Captioned web image data:

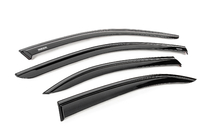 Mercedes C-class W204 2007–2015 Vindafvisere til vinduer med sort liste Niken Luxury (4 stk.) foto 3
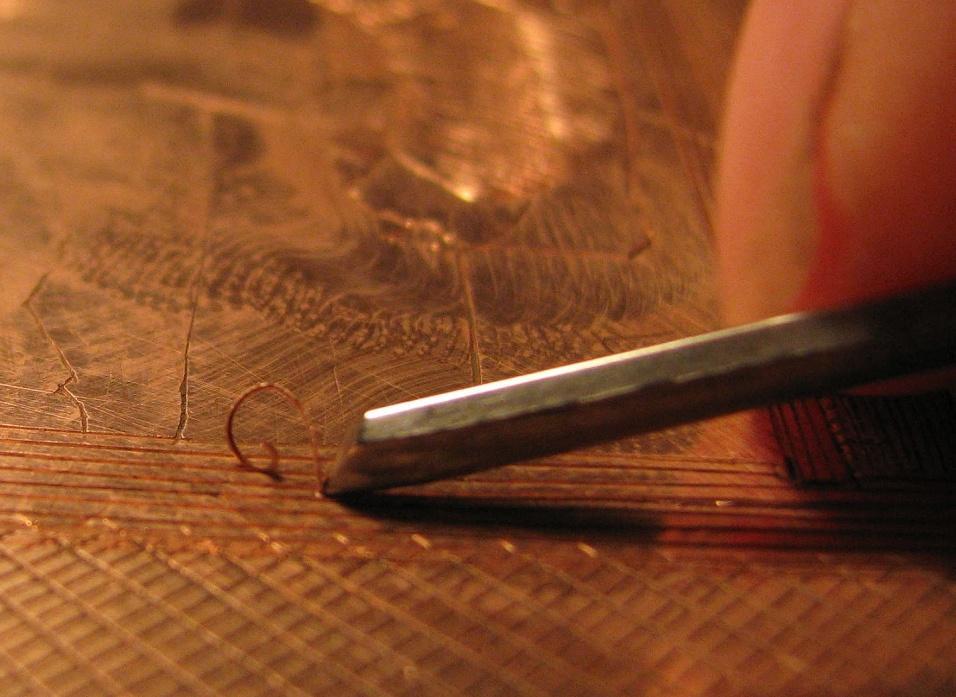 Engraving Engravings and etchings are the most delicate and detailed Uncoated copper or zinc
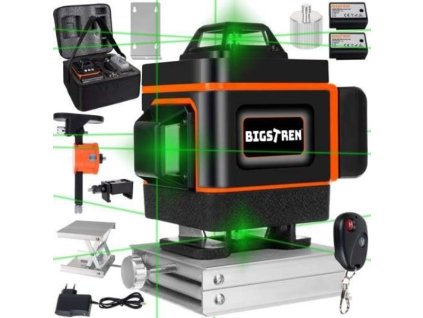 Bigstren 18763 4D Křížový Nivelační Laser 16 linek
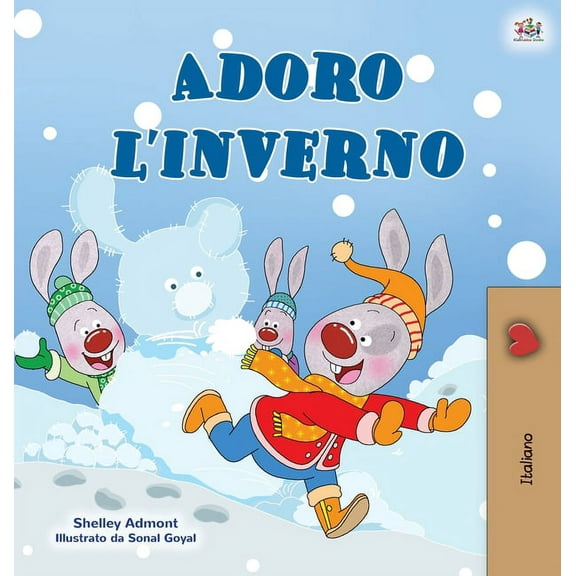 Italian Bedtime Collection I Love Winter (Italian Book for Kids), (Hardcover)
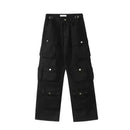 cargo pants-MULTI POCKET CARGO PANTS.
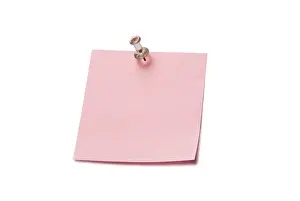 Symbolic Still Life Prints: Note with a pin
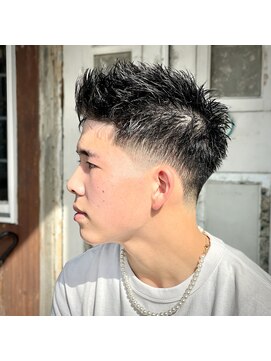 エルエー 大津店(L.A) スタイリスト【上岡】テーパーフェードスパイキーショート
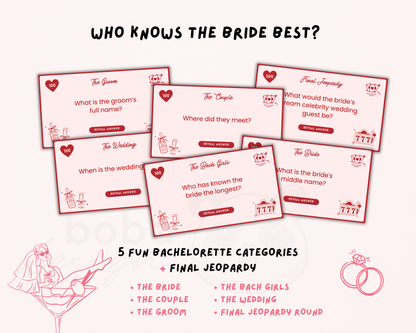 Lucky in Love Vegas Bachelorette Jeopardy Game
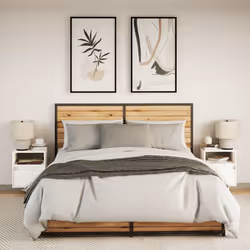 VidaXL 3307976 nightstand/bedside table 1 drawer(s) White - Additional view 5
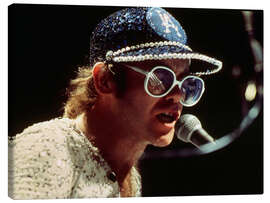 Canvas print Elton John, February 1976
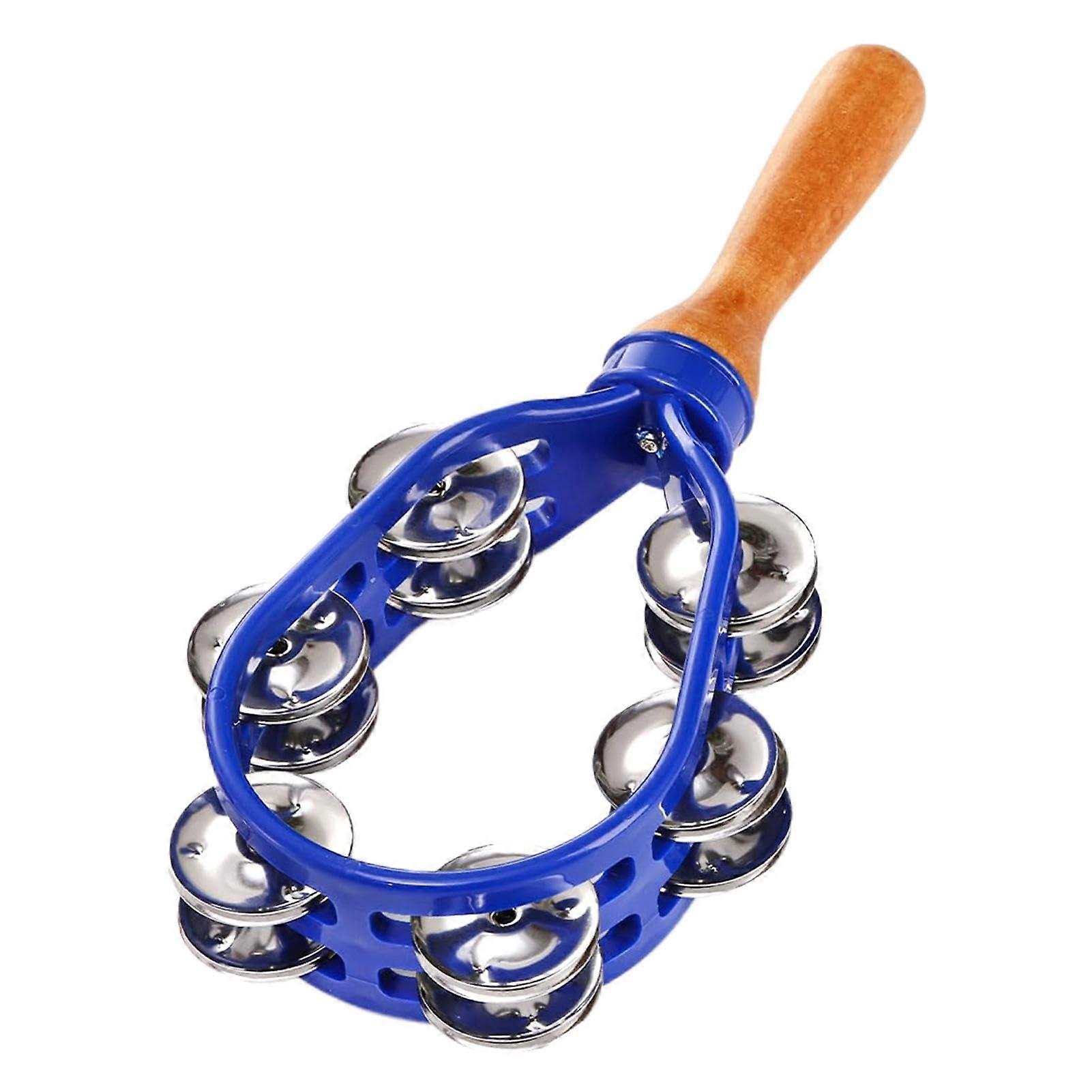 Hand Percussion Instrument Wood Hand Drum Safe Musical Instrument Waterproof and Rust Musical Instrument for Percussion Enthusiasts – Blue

= TASK DESCRIPTION =
Please transcribe every entry above exactly, leaving out any pictures.

= RESPONSE AREA =
 Mercedes C-class W204 2007–2015 Vindafvisere til vinduer med sort liste Niken Luxury (4 stk.) foto 3
 Engraving Engravings and etchings are the most delicate and detailed Uncoated copper or zinc
 Bigstren 18763 4D Křížový Nivelační Laser 16 linek
 Italian Bedtime Collection I Love Winter (Italian Book for Kids), (Hardcover)
 cargo pants-MULTI POCKET CARGO PANTS.
 Symbolic Still Life Prints: Note with a pin
 エルエー 大津店(L.A) スタイリスト【上岡】テーパーフェードスパイキーショート
 Lucky in Love Vegas Bachelorette Jeopardy Game
 VidaXL 3307976 nightstand/bedside table 1 drawer(s) White - Additional view 5
 Canvas print Elton John, February 1976
 Hand Percussion Instrument Wood Hand Drum Safe Musical Instrument Waterproof and Rust Musical Instrument for Percussion Enthusiasts – Blue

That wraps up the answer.